Microsoft is Reportedly Changing The Blue Screen of Death to Black in Windows 11
Microsoft will replace its well-known Blue Screen of Death (BSOD) with a black one. Microsoft began testing its new design changes in a Windows 11 beta earlier this week, according to The Verge, although the Black Screen of Death isn’t completely active yet. This new Windows 11 option corresponds to the new dark logon and shutdown displays.
It’s the first significant update to the BSOD since Microsoft introduced a sad face to the screen in Windows 8 in 2012, as well as QR codes in 2016. The BSOD was initially created by Microsoft in Windows 3.0, giving IT experts and support staff a means to identify hardware and memory problems.

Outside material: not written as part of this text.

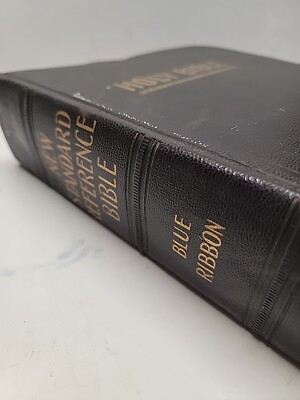 Holy Bible 1955 Hertel Blue Ribbon New Standard Reference Red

A blue screen of death (BSOD) is Windows’ own kernel error or bug check, and it generally contains a data dump that can aid system administrators in determining what caused the blue screen. While Microsoft will move to a Black Screen of Death in Windows 11, the screen will otherwise be identical to that of Windows 10.
The sorrowful visage, as well as the halt code and crash dump, remain. The latest Windows 11 preview contains a green BSOD, which has been used by Microsoft for Windows Insider releases since 2016.
It’s unclear why Microsoft has changed the color from blue to black, and the firm has yet to comment on the change. There are several possibilities, according to The Verge. With a new approach to the OS, Microsoft is revamping several areas of Windows 11. It’s probably because Windows 11 features a visual update to modernize the OS in important areas, such as the Start menu, File Explorer, and now the BSOD.